MyClass.MyMethod(myObject);

So, at the first step in a method, I have deep-copied any arguments passed in that the method will modify, then passed the modified object back as a return value:

myObject = MyClass.MyMethod(myObject);

One of the advantages of this approach is that it forces methods to limit themselves to doing just one thing.

Alas, I don't think this helps. The receiver can still do anything it wants with the object as part of the R2 relationship, which may result in something the caller doesn't expect.

In the OO paradigm we basically ignore that by striving to make the caller completely indifferent to /whatever/ the receiver does. IOW, we make sure any collaboration between the receiver and the object is a personal mater between them that the caller knows nothing about.
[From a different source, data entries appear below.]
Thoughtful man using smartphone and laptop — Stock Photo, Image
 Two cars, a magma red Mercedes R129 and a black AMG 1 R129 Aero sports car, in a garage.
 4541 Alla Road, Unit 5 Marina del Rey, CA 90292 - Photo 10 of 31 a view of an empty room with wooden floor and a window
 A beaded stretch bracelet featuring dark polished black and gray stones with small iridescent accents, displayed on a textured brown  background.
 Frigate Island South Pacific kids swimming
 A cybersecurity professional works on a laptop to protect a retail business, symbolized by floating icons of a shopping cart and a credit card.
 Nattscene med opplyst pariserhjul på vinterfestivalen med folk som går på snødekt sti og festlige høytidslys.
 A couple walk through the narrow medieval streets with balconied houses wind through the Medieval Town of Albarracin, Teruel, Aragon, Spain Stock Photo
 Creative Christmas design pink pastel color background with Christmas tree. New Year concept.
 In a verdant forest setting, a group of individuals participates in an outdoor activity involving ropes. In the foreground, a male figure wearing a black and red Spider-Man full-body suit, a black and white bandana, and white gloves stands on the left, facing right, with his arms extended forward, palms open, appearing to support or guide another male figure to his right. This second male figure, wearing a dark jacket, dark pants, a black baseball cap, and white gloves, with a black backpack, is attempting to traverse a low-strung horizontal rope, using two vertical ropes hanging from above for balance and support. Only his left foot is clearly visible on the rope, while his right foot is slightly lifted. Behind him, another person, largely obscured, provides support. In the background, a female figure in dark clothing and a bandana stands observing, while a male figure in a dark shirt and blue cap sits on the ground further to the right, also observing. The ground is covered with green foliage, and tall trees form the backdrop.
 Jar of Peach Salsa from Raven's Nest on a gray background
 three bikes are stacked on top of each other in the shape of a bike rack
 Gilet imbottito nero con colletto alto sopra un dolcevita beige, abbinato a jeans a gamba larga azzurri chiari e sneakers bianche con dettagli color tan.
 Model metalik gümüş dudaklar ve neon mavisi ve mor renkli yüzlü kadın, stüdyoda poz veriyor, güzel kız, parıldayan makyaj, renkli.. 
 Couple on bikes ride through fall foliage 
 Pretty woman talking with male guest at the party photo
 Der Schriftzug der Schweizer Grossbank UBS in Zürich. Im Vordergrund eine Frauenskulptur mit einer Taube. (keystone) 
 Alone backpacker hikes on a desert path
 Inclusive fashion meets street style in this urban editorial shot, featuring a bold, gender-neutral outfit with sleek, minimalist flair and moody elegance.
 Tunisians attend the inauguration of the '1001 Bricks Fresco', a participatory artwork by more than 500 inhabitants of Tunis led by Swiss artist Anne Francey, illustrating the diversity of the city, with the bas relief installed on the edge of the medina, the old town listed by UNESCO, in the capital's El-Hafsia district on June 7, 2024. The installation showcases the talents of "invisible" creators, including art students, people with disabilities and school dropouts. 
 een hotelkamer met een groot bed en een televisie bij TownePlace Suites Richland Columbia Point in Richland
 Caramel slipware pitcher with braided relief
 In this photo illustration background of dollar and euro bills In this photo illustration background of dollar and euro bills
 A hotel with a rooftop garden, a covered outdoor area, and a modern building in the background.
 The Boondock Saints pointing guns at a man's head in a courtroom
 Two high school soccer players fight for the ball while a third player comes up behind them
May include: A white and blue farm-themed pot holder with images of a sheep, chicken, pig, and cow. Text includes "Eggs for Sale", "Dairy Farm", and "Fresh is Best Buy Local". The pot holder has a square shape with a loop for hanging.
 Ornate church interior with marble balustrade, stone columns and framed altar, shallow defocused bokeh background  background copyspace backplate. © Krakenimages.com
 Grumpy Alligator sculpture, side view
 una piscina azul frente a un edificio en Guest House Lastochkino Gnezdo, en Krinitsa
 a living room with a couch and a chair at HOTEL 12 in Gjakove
Per the point above, [A] should not care or know about what [B] does with [C] in the privacy of its own home.

In addition, we ensure that decoupling by separating message from method so that the message simply announces something the caller did. Then the caller only cares about its responsibilities, not what someone else's are. So long as problem space abstraction has yielded logically indivisible behavior responsibilities at the objects' level of abstraction that works quite well.

For this reason behavior responsibilities generally do not return values to the caller in a well-formed OO application. That's because any such return implicitly creates a dependency in the caller on what the receiver did (i.e., that the caller depends on the receiver returning the /right/ thing with respect to its own requirements). [Obviously knowledge accessors do return values but they are treated quite differently in OOA/D and are highly constrained.]

<aside>
Your concerns reflect a somewhat different issue. Passing object references can be a slippery slope because it encourages carelessness, especially when references are passed through long call sequences before they are accessed. There are various degrees of coupling in collaborations through argument passing:

no arguments. This is the most benign because the only possible thing that can go wrong is that the message is sent at the wrong time.

data-by-value arguments. This is also pretty benign because nothing the receiver does with the arguments can affect the caller.

behaviors (e.g., aplets). This is potentially a problem because the behavior may have unexpected side effects for the caller if its results are affected parametrically by receiver state variable values. However, at least the caller should know what the behavior does.

data-by-reference arguments. Now we can have a potentially major problem because the receiver can change the values that the caller uses in unexpected ways.

Objects-by-reference. Now we have opened a real Pandora's Box because the receiver can modify any attributes or invoke any behaviors, including those the caller doesn't expect, such as deleting the object.

I must emphasize that I am talking about collaborations here. Dealing with side effects is really a matter of properly connecting the dots of the solution collaborations in the right order with messages. One can do that rigorously (albeit tediously) in a formal manner using DbC by matching the preconditions for executing a behavior to the postconditions that prevail after other methods execute to determine who should send a given message to trigger the behavior. The conditions being matched include both the solution sequence and any constraints on timely updating the state variables (attributes). IOW, the messages are daisy-chained such that all the preconditions are satisfied for every behavior method in the application.

However, that depends upon good encapsulation, logical indivisibility, implementation hiding, separation of message and method, and all the rest of that good OOA/D stuff. In particular in this context, the notion of separating the concerns of instantiation from those of collaboration very neatly gets around most of the coupling problems because one is not tempted to pass object references as part of collaborations in the first place.

Perhaps more important, the mindset of self-contained responsibilities and messages as announcements prevents one from getting careless about passing references around and forces one to think about How and When relationships need to be instantiated individually.